AMARILLO, TX - The Texas Voter ID Bill requiring citizens to present a valid photo ID at the polls is being debated in Washington this week.
The trial which began Monday morning will determine the fate of the law passed by the Texas Legislature in 2011.
The U.S. Justice Department argues the law is unconstitutional.
"I don't understand the big disagreement about it," state representative John Smithee said. "We show an ID everyday. I show mine to cash a check, use a credit card and get on an airplane. I don't understand why you wouldn't show an ID to go vote."
The state says the bill will help deter election fraud. The Justice Department isn't disputing that. Instead, the department says the bill is a violation of the Voting Rights Act because it would leave approximately 1.4 million registered voters in the darks, many of whom are immigrants and may not have a valid photo ID.
"I don't see why that would be a problem," immigration counselor Al Muniz said. "If you are able to vote, you are a citizen.
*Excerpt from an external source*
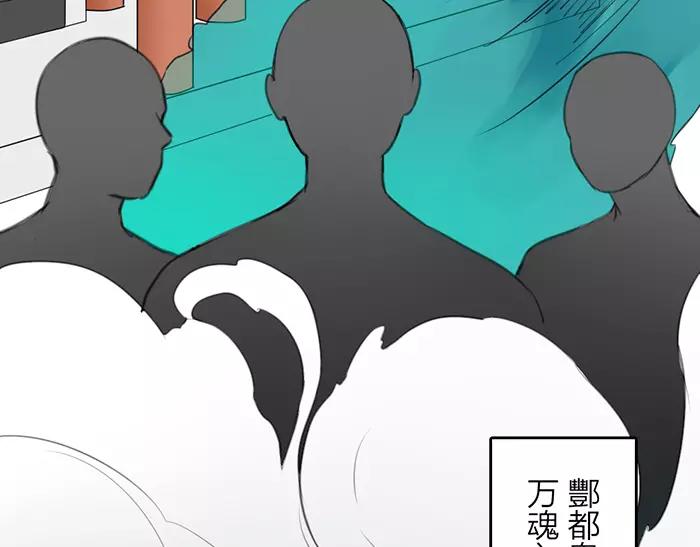 第13话 最合适的那个人-第60话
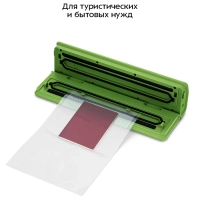 Вакууматор беспроводной для продуктов КТ-1558 - 70 Вт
If you are a citizen, you have an ID and that way you don't have any problems."
He says most immigrants have some form of photo ID, whether it be a drivers license or passport.
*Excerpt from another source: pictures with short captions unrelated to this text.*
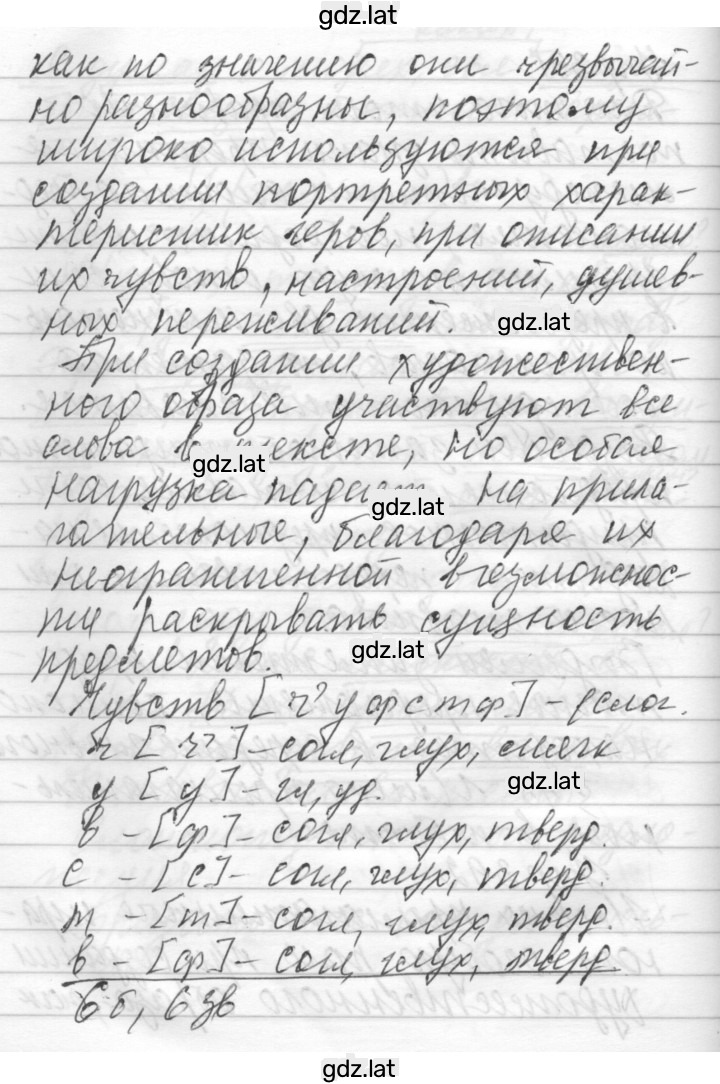 Решение задания № 392 — страница 2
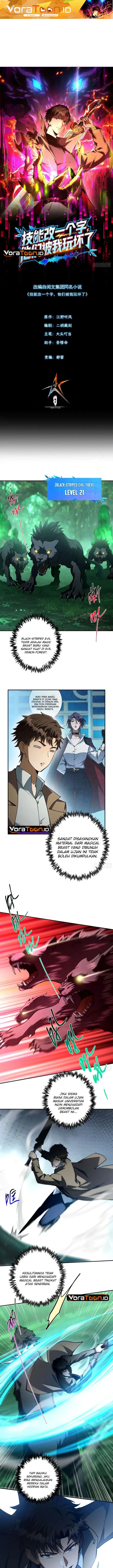 I Turn Skills Into Broken Ones With a Single Word Chapter 17 - Page 2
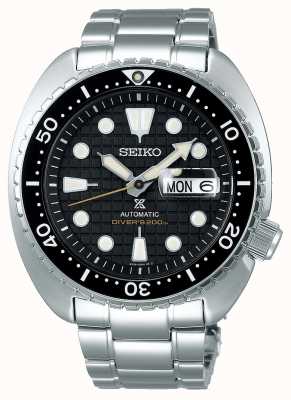 Seiko Prospex Men's Mechanical | Stainless Steel Bracelet SRPE03K1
He too doesn't understand what all the controversy is about.
"You have to be a citizen in this country to vote," he said. "Just don't worry about anything else. Get whatever they need you to get and go vote."
The photo ID requirement is currently a standard for every resident living in Texas.
Muniz says showing an ID shouldn't be a problem.
"If you get discouraged because you don't show an ID, you will not make your voice valid later on and you will be the group complaining because they don't have what they want," he said. "Just go vote and make your presence in this country."
According to the Texas Attorney General's office in Austin, not a single case of voter ID fraud has been prosecuted here thus far.
The ruling on the Texas Voter Bill is expected to be made later this week.